A court in the UAE can decide the custody of two resident children who travelled to Ontario with their Canadian mother.

December 2, 2022
F. v. N.
39875
2022 SCC 51

The parents were married in 2012 in Pakistan and then moved to Dubai in the United Arab Emirates (UAE) where the father works. Both are citizens of Pakistan but the mother is also a Canadian citizen. Their daughter was born in 2016 and their son in 2019. The mother has always been the primary caregiver and her residency in Dubai has depended on the father. In June 2020, the mother travelled to Ontario with the children to visit her family. The father agreed to the trip but he remained in Dubai. A few weeks later, the mother informed the father that she would not be returning to Dubai with the children.

The father started legal proceedings in Ontario for the children to return to Dubai. He invoked Ontario’s Children’s Law Reform Act (CLRA), which can apply in cases of international child abduction by a parent. The mother responded by saying she would not return to Dubai. She asked the Ontario court to decide the custody of the children, instead of a court in the UAE.

The mother claimed the children would suffer serious harm if they returned to Dubai and that staying with her in Ontario was in their best interests. Before the hearing, the father offered to settle their dispute. He promised to ensure the mother’s independent residency status in Dubai by buying her a property in her name. He also agreed to allow the children to reside there primarily with her.

Under the CLRA, Ontario courts typically do not exercise jurisdiction on custody issues when children have been wrongfully taken from their home in another country and end up in the province. However, there are exceptional circumstances when an Ontario court may act. Under section 23 of the law, a court can act when children are physically present in Ontario and the court is convinced they would suffer serious harm if removed from there.

In this case, the Ontario court declined jurisdiction. The judge was not convinced the children would suffer serious harm if they returned to Dubai.
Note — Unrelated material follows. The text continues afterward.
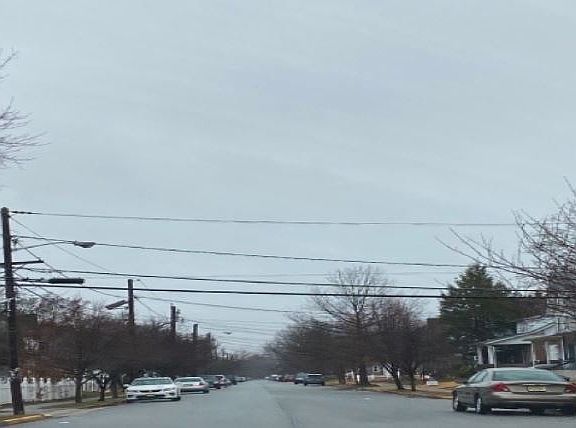 Exterior Neighborhood (street photo)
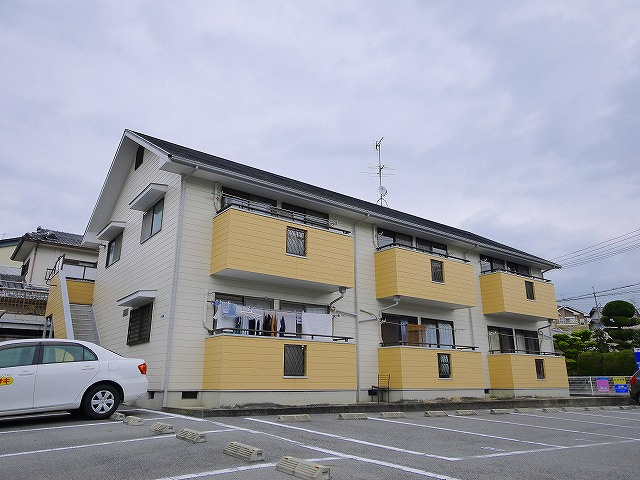 アイリスガーデンの外観|外観は落ち着いています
He declared that the mother had wrongfully kept the children in Ontario and that they should be returned to UAE with or without her. The judge gave the parties an opportunity to make further submissions on whether to include the father’s settlement proposal in his order. The mother made no submissions in this regard and the settlement offer was not included. The mother appealed the order to Ontario’s Court of Appeal, where it was dismissed. She then appealed to the Supreme Court of Canada.

The Supreme Court has dismissed the appeal.

The “serious harm” threshold required under the CLRA was not met.

Writing for a majority of the judges, Justice Nicholas Kasirer explained that as a general rule in Canadian family law, the best interests of children are measured from the children’s perspective and are the paramount consideration for all decisions that concern them. While separating young children from their primary caregiver could certainly cause them psychological harm, it will not always rise to the level of “serious harm” required under the CLRA. Justice Kasirer said the trial judge in this case made no reviewable error in deciding that this level was not met. As a result, the custody of the children should be resolved by a court in the UAE.

While the majority judges found no reason to interfere with the trial judge’s assessment, they said the father should be bound by his initial settlement offer if the mother decides to return to Dubai.

In this case, the legal question focused only on jurisdiction. As Justice Kasirer said, the case was not “a comprehensive comparison of the child’s life in the two jurisdictions”, nor a “broad-based best interests test” as is conducted on the merits of a custody application.